Move stands to de-pattern your deer

Brad Carr learned to move hunting stands to alternate locations to avoid deer patterning him.

Do you really think it’s possible to accurately and consistently pattern a buck well enough to know when that whitetail is going to be where?

 

Well, it’s probably possible, and certainly some savvy woods-wise deer hunters have done it. However, I am more inclined to think that deer tend to pattern hunters better than we pattern them. It may be way past time to change your deer stand game plan.

 

The look-up syndrome

“Man, I just hate it when I get all settled into my tree stand, then out pops a deer and the first thing it does is stare right up at me,” said Brad Carr, a dentist from South Jackson. “I play the wind right, I coat myself with scent-killer spray, I wear rubber boots and sneak in quietly from the right direction. I ease quietly into the stand that I fixed for squeaks well ahead of the season. I put on camo cover gloves and sometimes I even wear a face mask.

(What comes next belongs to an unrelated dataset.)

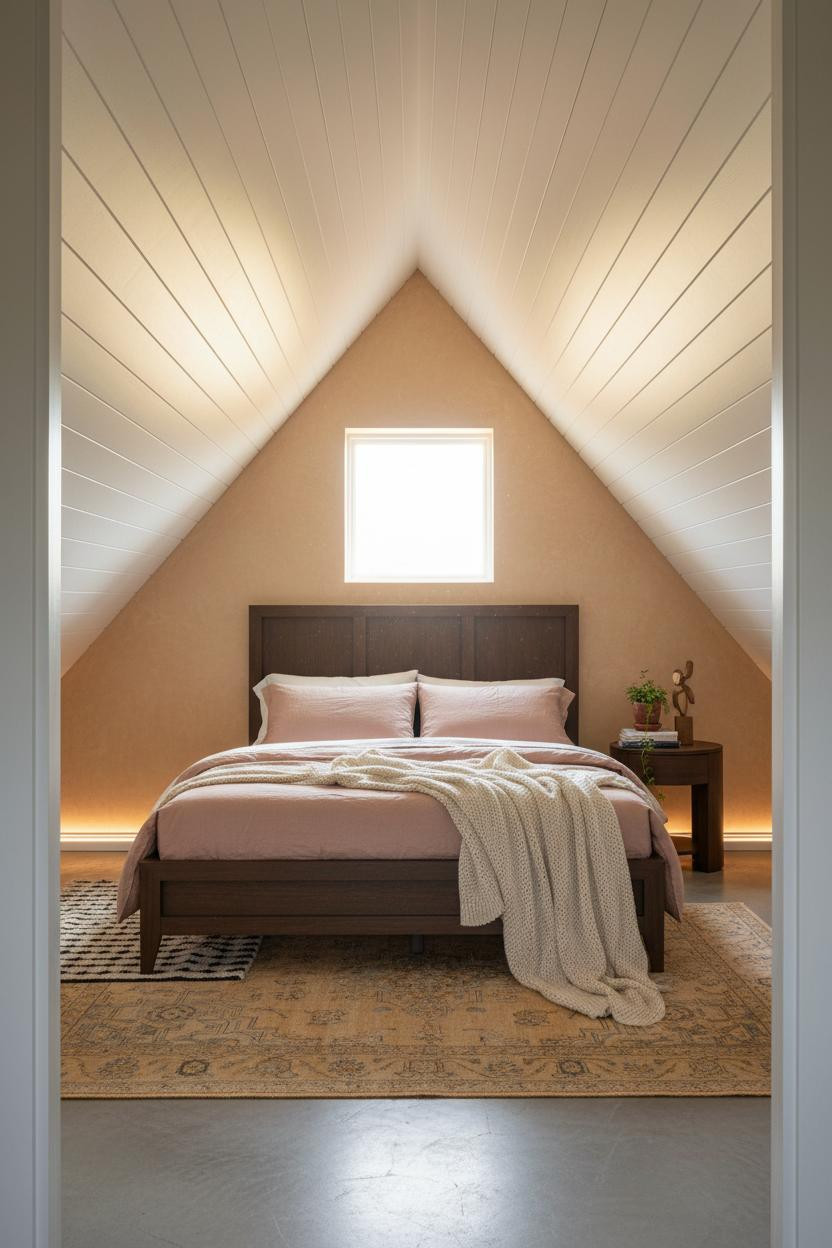 Small Attic Bedroom Sloped Walls White Shiplap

“What do I get for all that preparation? Busted, that’s what.”

When Brad asked me about my opinion on the situation, my first question was how many deer-hunting seasons had that ladder stand been propped up against the same tree?

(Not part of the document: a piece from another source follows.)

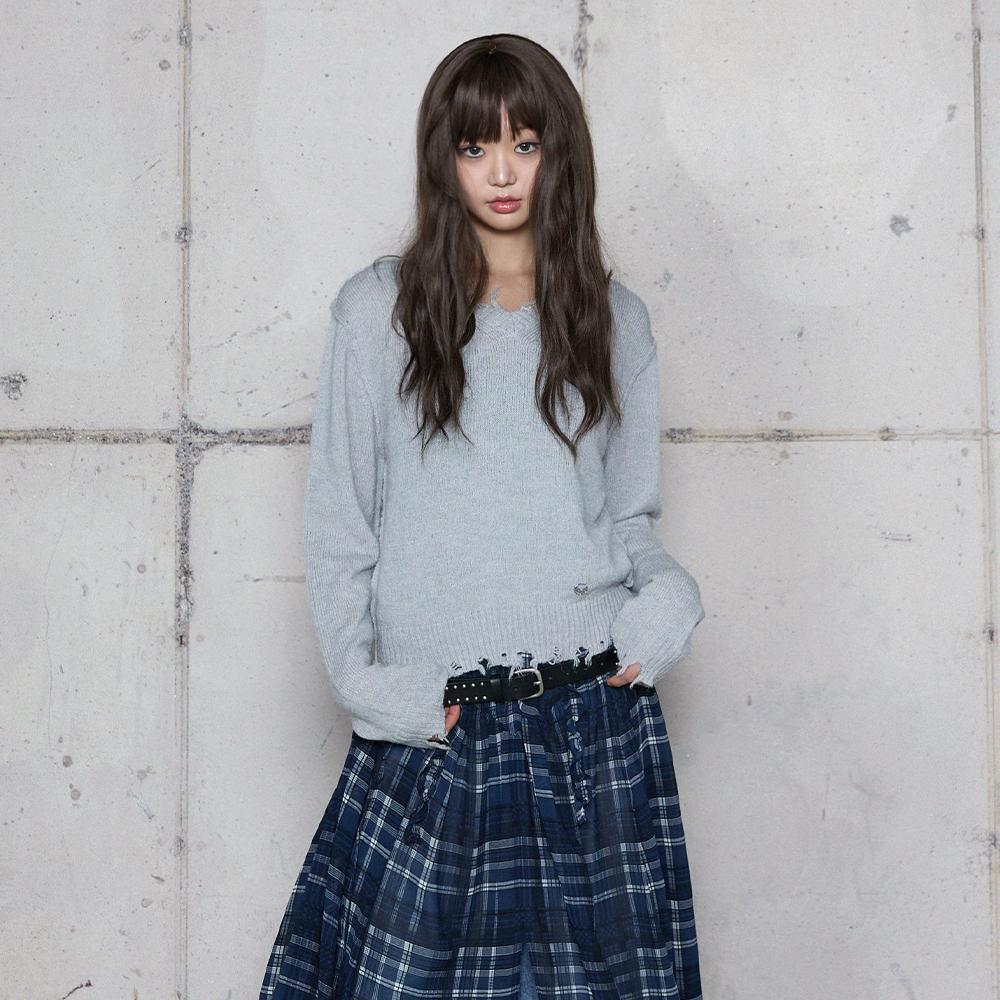 LALAFOX Destroyed V-Neck Knit Grey Br4Kl001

In some cases, the property he hunts in Holmes County along the Big Black River has deer stands that have not been moved or shifted around to new spots for more than a decade.

It’s little wonder the local deer population had the hunters so well patterned. They knew exactly where every stand was located, and many of the deer just automatically visually inspected them every time they passed.

It just so happened that one time somebody was actually sitting in the stand.

When that deer high-tailed it out of there at the sight of Brad sitting in the stand, the noise and movement in the surrounding brush only confirmed to every other deer in the immediate area that something was wrong. Deer tend to remember alerts like that causing them to maintain their guard.

Furthermore, those bucks hiding back in the shadows are even better at patterning popular hunting stands and steering clear of them.

 

Turn the tide

It would seem just too simple a solution to start moving some stands around from places they have been sitting for years, but in fact that is the place to start.

The question is, though: Move them to where?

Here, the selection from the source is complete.